No es que septiembre no sea un mes perfecto para marcharse de vacaciones, pero digamos que los elegidos por excelencia suelen ser julio y agosto. La vacación debería llamarse vaca-acción porque esos benditos días de asueto suelen ser los reyes del mambo para ponernos como vacas y “vacos” en cuanto desparramamos las carnes en la arena. Que ríanse ustedes de la operación biquini. Para operación, operación, la del chiringuito. Desde enero, nada más salir de los polvorones, con la boca cosida y moliéndonos en el gimnasio para poder embutirnos en los bañadores y en la ropa de verano, que tienen la jodida costumbre de encogerse de un año para otro… y llegan las vacaciones… y a tomar viento esfuerzos y sacrificios. Que sí, ya que sé que tampoco es cuestión de andar el resto del año con la dieta del melocotón y el pollo, pobre pollo, que si ya era triste el plato en sí, si ahora le añadimos que los quieren apartar de las gallinas… ya va a ser la leche, y no la merengada precisamente. Pues eso, que no se trata de ir por la vida contando calorías, pero tampoco es cuestión de dejar las carnes libres y el estómago al pairo. Que nos sentamos en el sombraje del chiringuito y nos da igual encontrar un pelo en la ensaladilla (claro, que siempre puede ser un “cabello de Ángel”, el cocinero), como escuchar que el arroz se está pegando, por nosotros como si se mata, con que nos lo traigan a la mesa en cualquier estado nos basta.

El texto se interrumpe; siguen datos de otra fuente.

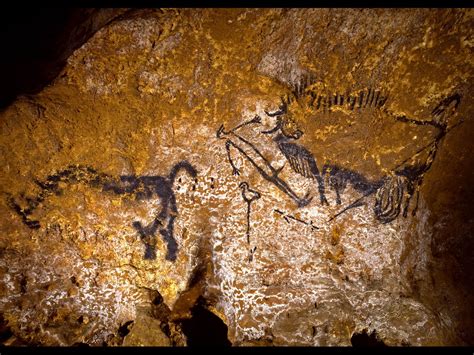 Le panneau de l'homme blessé | Cave paintings, Prehistoric art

Y que me dicen de esa bolsa de deportes repleta de buenos propósitos y de libros para el verano… de los propósitos mejor no hablar, que vemos una nubecilla al final del horizonte y ya tenemos razones suficientes para no salir a caminar o a correr por si aquello le diera por convertirse en gota fría. Además, luego están los cuñados y los vecinos y todos aquellos a nuestro alrededor convenciéndonos de la caló que hace como “pa” salir a sudar más. Mejor una cervecica fría y tumbona que para correr ya está todo el año. Y en cuanto a los libros… ufff… si cada vez que lo abrimos nos entra un sueño del copetín. Claro, es que la hora de la siesta o la última del día, rendidos y a las tantas, no son las más idóneas para coger un libro. Y nuestros proyectos de leer en la playa terminaron convirtiéndose en partidos de palas, bueno, partidos, partidos… más bien en un recogepelotas continúo, pero teniendo en cuenta que ese es el único ejercicio que hacemos, pues lo aceptamos gustosos.
Y luego está ese corazón “partío” entre el inicio del año del almanaque y el inicio del año en las agendas escolares, que hasta en la heladería de la playa hicieron la última noche de agosto la fiesta de Nochevieja, manda huevos, brindando con turrón helado y horchata, claro, que tampoco hay mucha diferencia entre las cenas pantagruélicas de diciembre y las que llevamos día tras día de agosto. Y, encima, como nosotros los murcianos somos tan chulis, salimos de vacaciones y seguimos metiéndonos en jardines, digo en huertos, con sus morcillas, sus pataticas asadas, su zarangollo, sus paparajotes… vamos, que lo único ligero, que se podría pedir para cenar sería liebre… al ajillo.
Vamos, que tras la operación chiringuito-huertos, nos toca volver a echar la persiana a la boca y agarrar, como locas, la punta de ese acordeón en el que hace tanto que nos convertimos y empezar a recoger pliegues. Siempre pliegues para dentro, pliegues para afuera. Y de cañas… solo queremos hablar de las que lleven colgado un hilo y un pez en el otro extremo. Que una cosa es tener voluntad y proponerse no comer de ciertas cosas y adelgazar, y otra bien distinta tener que lidiar a cada momento con las tentaciones más… tentadoras. Que vale que para eso se llaman tentaciones, pero es que nadie que no viva en un continuo control del peso sabe lo insoportable que puede convertirse la vida cuando convives con quienes no solo no tienen o no quieren hacer ningún tipo de régimen, sino que, encima, están todo el día dando la murga con que no pasa nada porque te haya pasado diez kilitos de más. ¡Diez kilos!, la madre que lo parió, Y dice que no pasa nada. Que parece que ellos se meten las cervezas entre pecho y espalda y a quienes nos engordan es a nosotras. Y que a nadie se le ocurra explicarme la teoría de los vasos comunicantes.
Y digo yo, por mucho que nos deprima no caber en la ropa del año anterior, no será mejor comprarnos ropa más grande y decirnos a nosotras mismas: “Mimisma, tú no estás gorda, tú lo que estás es el doble de buena”.